What about organizations such as the World Health Organization (WHO)? What benefits do you see with this group? Can anyone think of any ethical concerns that exist due to international medicine?
How would an organization mission and vision statement help with these culture gaps? Look at training hospitals as a starting place.
One of the main reasons why spoken language is so crucial in the practice of medicine is because of its ability to promote understanding and avoid misinterpretation. However, due to language barriers, there are misunderstandings that result from different perceptions. The reasons for these different perceptions are often culturally-based. This is why it is so important to have regulatory bodies, internationally, that can bridge gaps leading to mutual acceptance. The World Health Organization (WHO) would be one such body and training hospitals, often funded via the WHO, are a link between citizens of all nations as they can provide doctors trained in more that localized problems to offer expertize on an international level which is not centered on the developed world and its problems. Medical practitioners must be held accountable for their actions and, especially in research, there are subjective elements that creep into even the most scientifically-based research as one country has, for example, a pressing need to find a cure for malaria whereas another has an interest in the mosquito itself, causing potential disagreement about funding and time scales and testing. Having training hospitals alleviates difficulties like these as they are able to practice medicine and do research in a complementary fashion.
Therefore, the WHO brings international medicine to developing countries which would otherwise have no funds to start or manage research. Barriers in education levels, whilst not affecting the medical practioners themselves, do affect the patients. Organizations like the WHO ensure that patients are not abused or misled into thinking they can be cured when part of a trial or when using a relatively new therapy or drug.

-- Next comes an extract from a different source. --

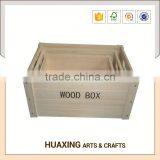 Top Quality Natural Wood Wooden Storage Basket With Low Price thumbnail-4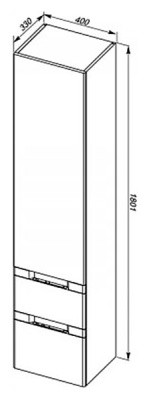 Шкаф пенал Aquanet Виго 40 подвесной R Белый 183402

The WHO sets standards that countries can use to measure their own development and hospitals can make findings based on these standards and problems can be identified and remedies found without tragic consequences.

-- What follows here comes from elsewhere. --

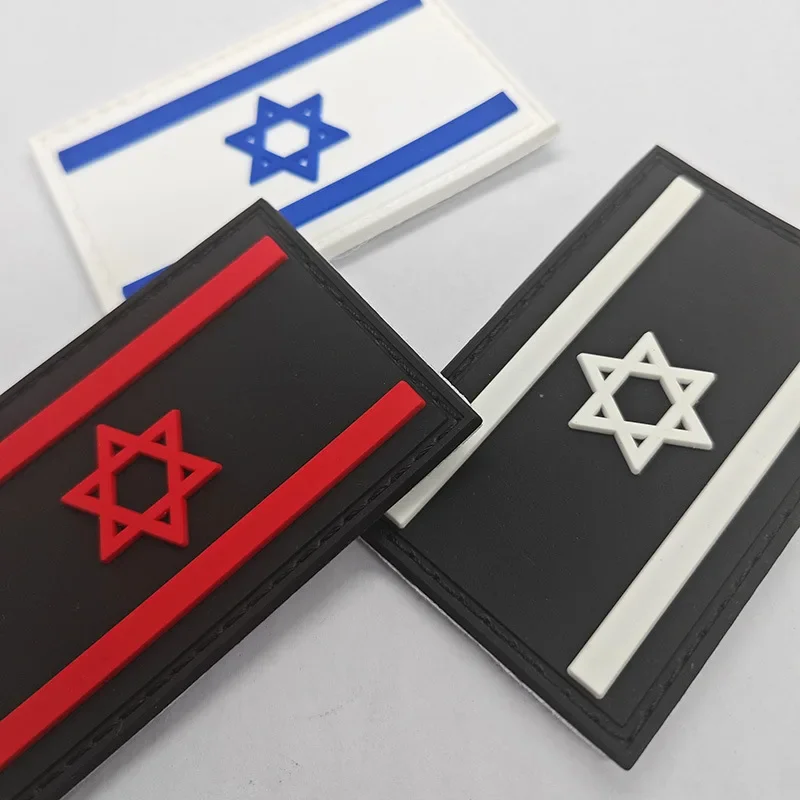 Israeli National Flag Patches Embroideried Military Uniform Tactical Embroidery Badge Israel Patches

An example of a huge cultural issue which threatens health and life-saving programs exists in the promotion of birth control (generally) and the controversial use of abortion as a means of birth control. Mistrust of systems develops, especially in poorer nations where, historically, children are a sign of wealth. By suggesting a restriction on the number of children a family should have, there is the (irrational or otherwise) argument that the so-called West is trying to create a culturally unsound environment, making poor people more reliant on westernized countries and therefore stripping them of any independence. They would rather have high mortality rates than take the risk.

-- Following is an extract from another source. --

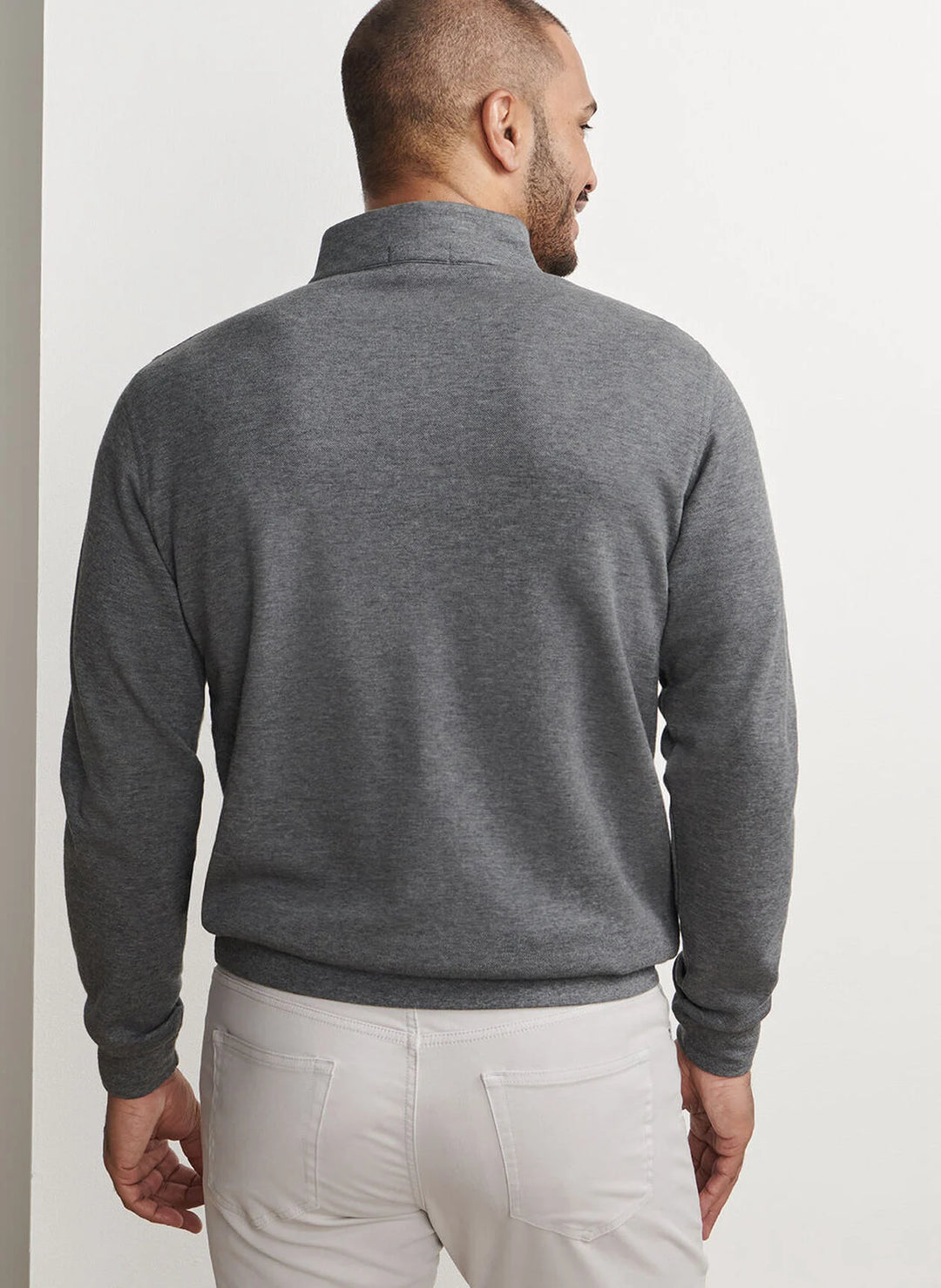 CROWN COMFORT PULLOVER-MF25K49-CHARCOAL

It seems therefore that, although medicine itself is universal, the practice of medicine is not necessarily so. Religious and ethical grounds for refusing medical care are often not understood or accepted by doctors whose ethics requires them to save a patient whereas the patient's ethical stance prevents what he sees as medical interference. Having a vision statement and an organizational mission allows for trust to develop between patient and doctor as misunderstandings can be minimized. The doctor's ethics become intrinsically linked to any patient's ethics and mutual decisions can be made to suit any moral issue. In training hospitals more can be done to educate medical professionals who can be taught to recognize patient sensitivities and cultural differences ensuring that both sides know where they stand at all times.